Chomsky cited a recent study by the RAND Corporation that estimated the transfer of wealth (Chomsky calls this “robbery”) from 90% of the population to a fraction of 1% to be about US$50 trillion over the past forty years. And that’s a severe underestimate, Chomsky says.

He notes, however, that “the Trump phenomenon” is just one aspect of what’s happening. There has also, he says, been a sharp increase in progressive social forces and activism.

Chomsky says he doesn’t like Biden’s programmes, but they’re more progressive than any of their predecessors.

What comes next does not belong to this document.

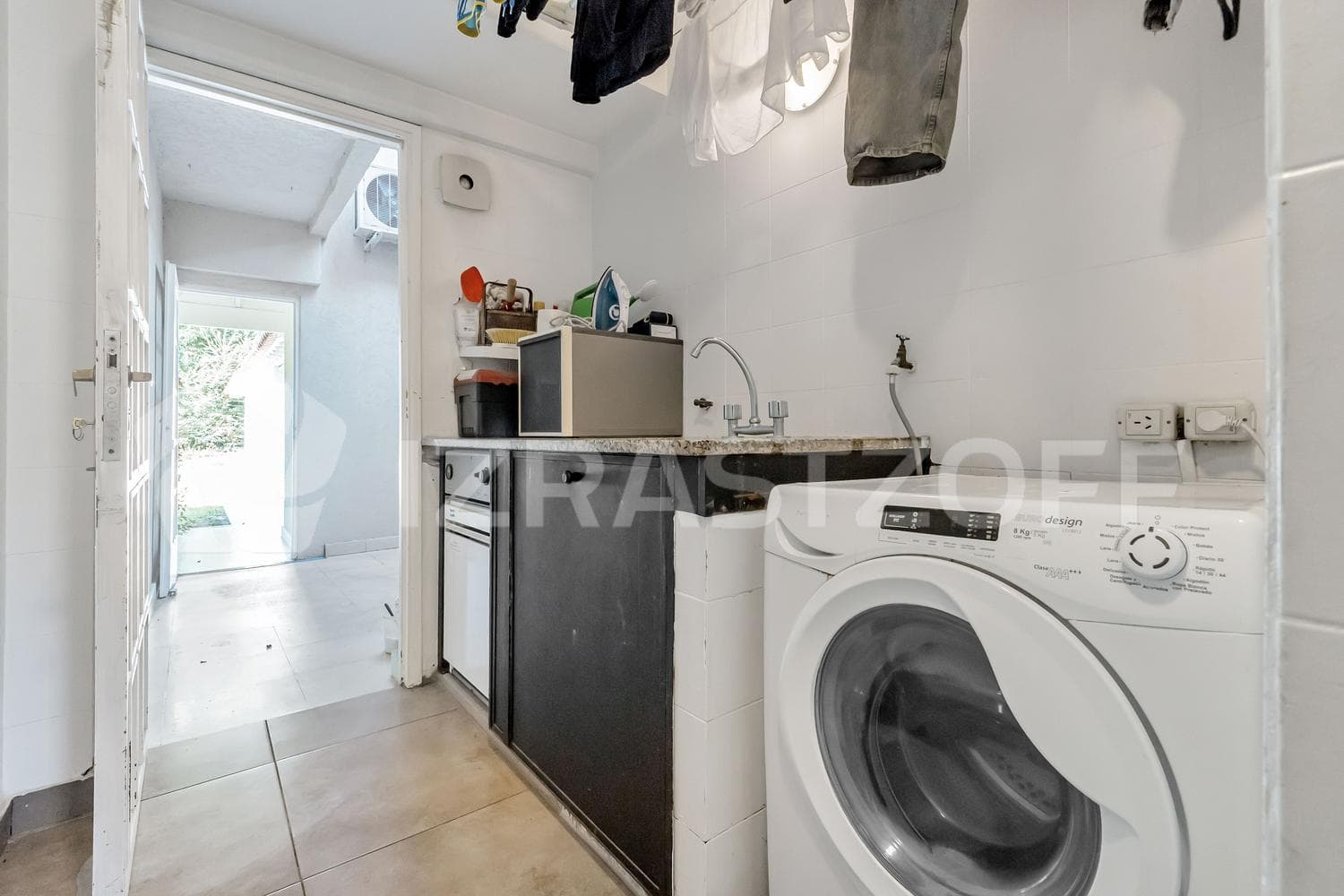 House for Sale in Los Lagartos: 3 suites plus another room with private bathrooms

“On climate, for example, the most important issue we face, his programme is by no means perfect; it’s flawed, but it’s well beyond anything that preceded; much better than Obama’s programme.”

This, Chomsky says, is because popular forces are pressing very hard.

The Green New Deal programme to combat climate change is essential for human survival, Chomsky says. There is still a struggle going on over the nature of the programme, he says, but, a couple of years ago, it would not have won congressional approval.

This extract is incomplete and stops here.